If the acclaimed actor hadn’t have met his longtime collaborator and perhaps longest professional friend, Martin Scorsese, there is a hefty chance that the previously mentioned accolade of being one of the best living actors may not have been bestowed upon his head. It was ‘Marty’ who gave De Niro some of his greatest roles of all time, Jake LaMotta in Raging Bull, Jimmy Conway in Goodfellas, and Frank Sheehan in The Irishman and beyond. Of course, for many, one role sticks out as perhaps De Niro’s crowning glory: Travis Bickle in Taxi Driver.

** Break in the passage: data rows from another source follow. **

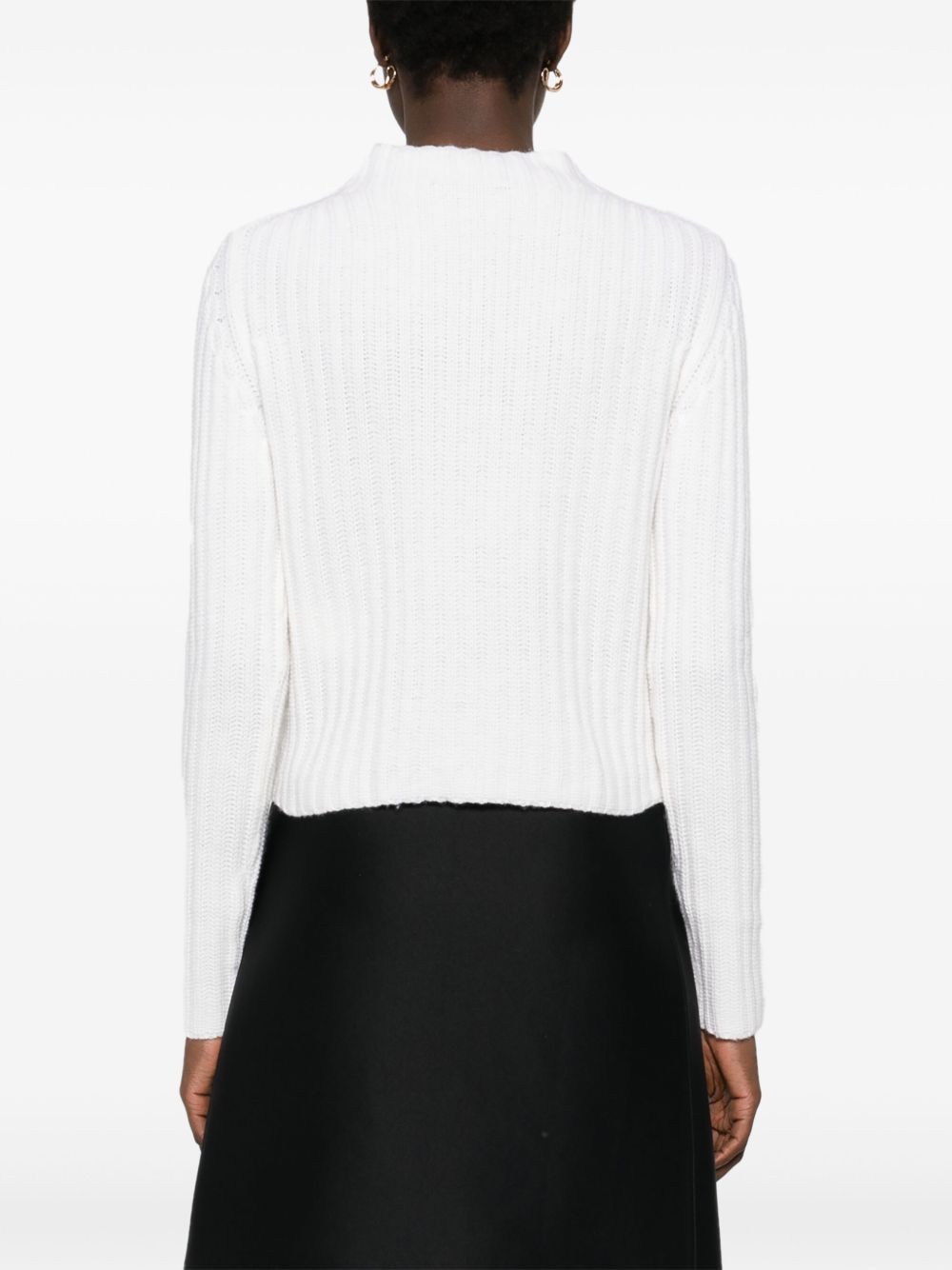 Max Mara CASHMERE TURTLENECK SWEATER Size L / US 10 / IT 46 - 4 Thumbnail
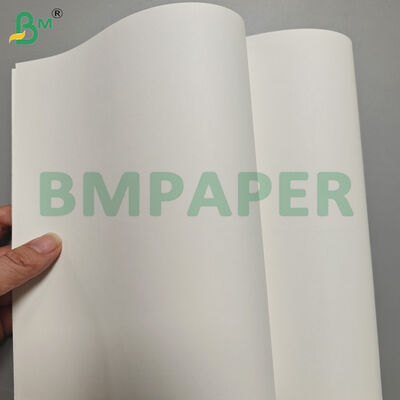 Rotoli di carta Kraft bianca ad alta resistenza da 120 g/m² per borse della spesa
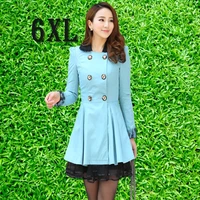 spring jacket plus size women clothing oversize trench coat new fashion lace double breasted windbreaker outerwear tops autumn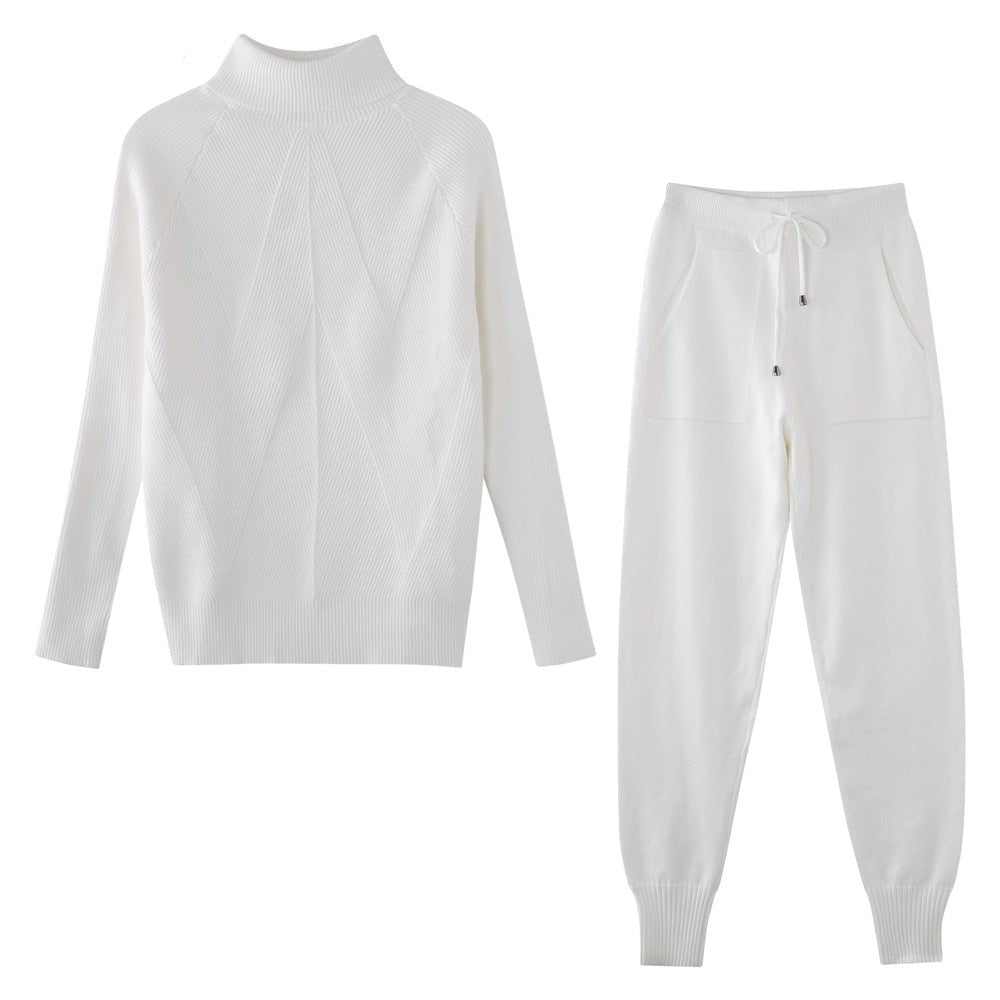 Hoogwaardig comfortabel huispak voor dames, de ideale modieuze loungewear.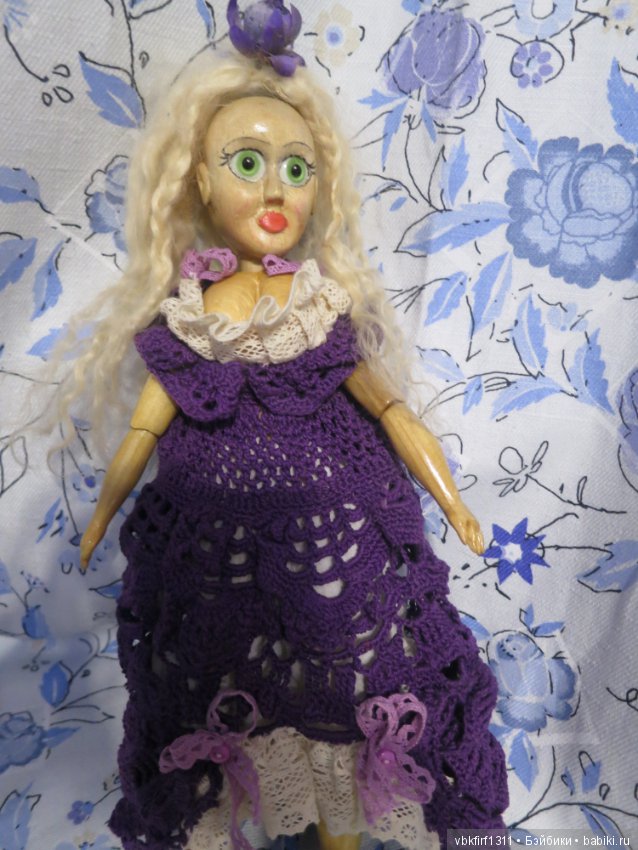 Оливия - полностью деревянная куколка шарнирная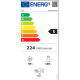 Ψυγειοκαταψύκτης Beko BCNA275E4SN(no frost,254lt,E,Εντοιχιζόμενος)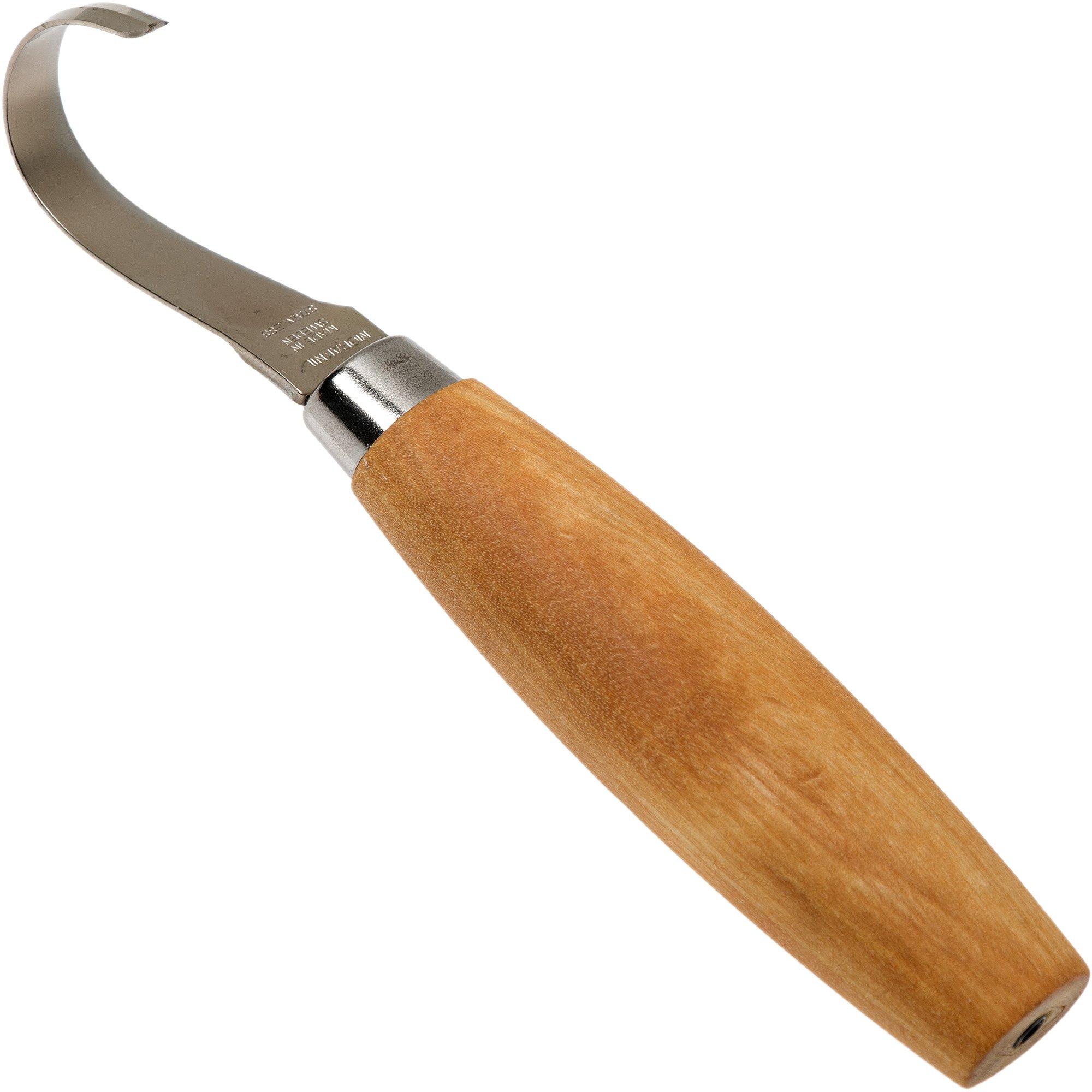 Mora No.164 Left Hand Single Edge Hook Knife w/ Leather Sheath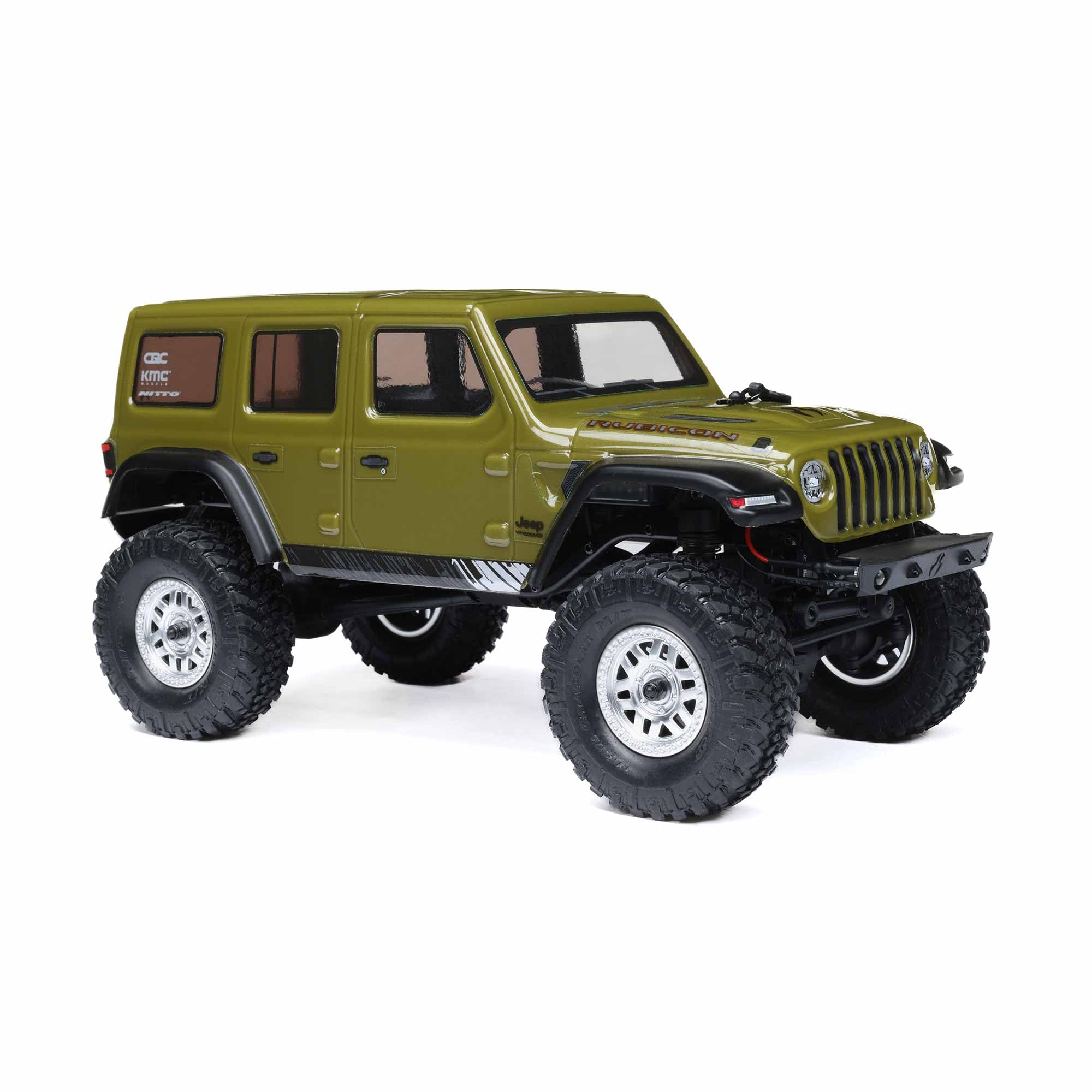 Axial RC Truck SCX24 2019 Jeep Wrangler JLU CRC, 1/24 Green: 4WD RTR (Battery and Charger Included), AXI00002V3T4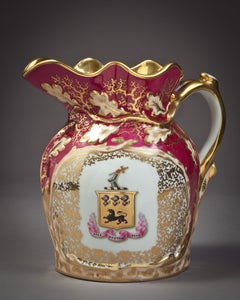 Large Paris Porcelain Jug, circa 1850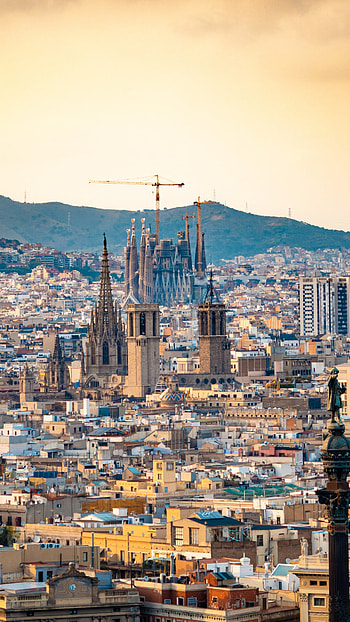 Barcelona city , Urban vibes, Captivating scenes, Spanish charm HD phone wallpaper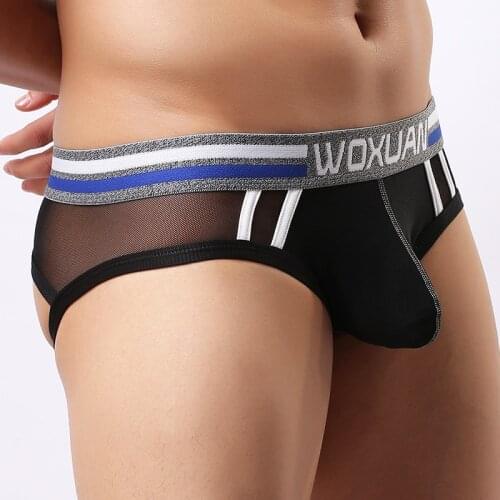 Mens Underwear Men Sexy Briefs Jockstrap Pouch Cuecas Man Cotton Panties Thongs Mesh Underpants Gay Slip Homme Srting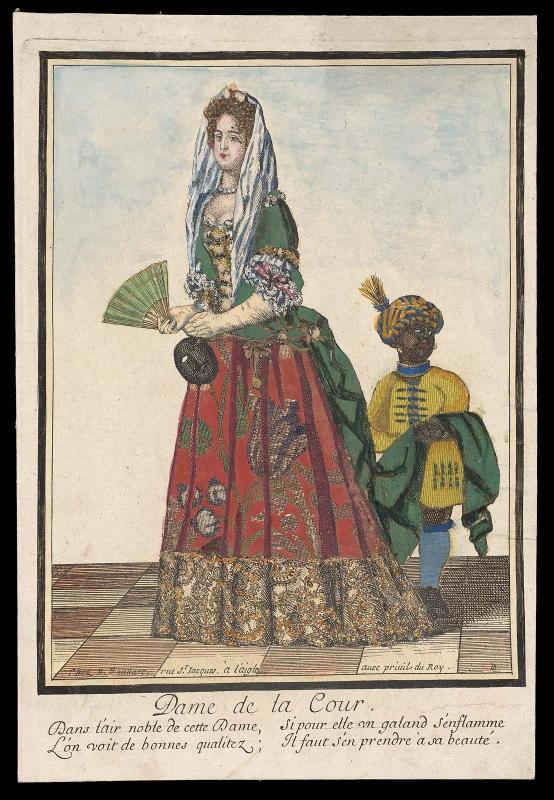 Dame de la Cour (dressed print)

Taxi Driver: The streets of Manhattan have descended into the postlapsarian dystopian nightmare forecast in a thousand bad acid trips from the decade earlier. The technological fix for a society that the post-war progression promised has been swallowed up in nothing more than the sprawl of concrete and the rise of brutalist architecture. With no life ring cast from those in power or prominence, who were more concerned with threats from afar than the onset of internal decay, the denizens of the city sink into the plashy mire of crime and punishment.
Watching it all unfold from the dangerous view of a city cab steering wheel, like some gonzo incarnation of the documentarian Adam Curtis, who has lost all subjectivity and snapped in a fit of despairing rage, is Travis Bickle. In an alternative timeline, the character tasked with being our conduit through the mire of a dilapidated culture would’ve been played by perhaps the most unlikely figure in the world of music.
It is well-known that Bruce Springsteen had a hand in developing Bickle’s most famous line, but the New Jersey man wasn’t in contention to play the role. Instead, that privilege almost went to your friend and mine, the eternally blue-denim-clad troubadour and Auntie titillator, Mr Neil Diamond. It’s a maddening thing to imagine, but remarkably, it’s true.

If there was any doubt about the meddling ways of producers, then surely the backstory of Taxi Driver stands as a testimony for their endless desire to destroy the creations that they helm. A case in point is how the smiling pop star was almost the benefactor of one of the most prized ‘troubled’ roles in Hollywood history simply because he knew the producer. As Diamond (which is amazingly his real name) explains: “I was considered for it for a whole minute before they signed Robert DeNiro. I knew the producer and he must have thought I looked like that type of character – you know, sullen and crazy.”
No, Neil, in fact, you almost certainly don’t seem like the type of guy who could depict Travis Bickle, despite your removed and somewhat puzzling interview persona that Will Ferrell has often excellently parodied. Thankfully, for the sake of the movie, he couldn’t take on the role. As he explained himself: “I was back on the road by then and had no time to do anything. Finally, De Niro signed and did a great job.”
A “great job” is actually somewhat of an understatement. De Niro perfectly embodied the simultaneous somnambulant slide and vividly snapped the edge of the dangerous and amoral Bickle like no other. The idea of a musician swanning in and casually fulfilling the same complexity is beyond reckoning. However, Diamond’s day on the big screen would soon come in an equally important but rather more straightforward role.
In 1980, four years on from potentially starring in Taxi Driver, the ‘Sweet Caroline’ singer would take on the lead role in The Jazz Singer alongside perhaps the most revered thespian of all time, Laurence Olivier. For his part in the movie, he became the highest-paid debut actor ever, cashing a cheque of $3.5million. While this fact in of itself is a tricky one to digest, at least the pompous quiff and pose-striking ways suit him a lot more than the punk attitude of the Mohawk sporting Bickle.
Alas, picture, if you will, Paul Schrader, the man behind the screenplay for Taxi Driver, when he heard that Neil Diamond was in contention to portray his creation. After all, the film was part autobiographically based on his life. Imagine, if you will, suffering through the disenfranchisement of a divorce and an unfurling drift towards the demimonde of society, braving the streets on a rough cab route and transfiguring your downfall into a screenplay that became a thrilling reflection of a fractured society… and then hearing, “Great news Paul, Diamond’s agreed to do it, and he’s lending permission to soundtrack the finale with ‘Forever In Blue Jeans’, it should be a box office smash!”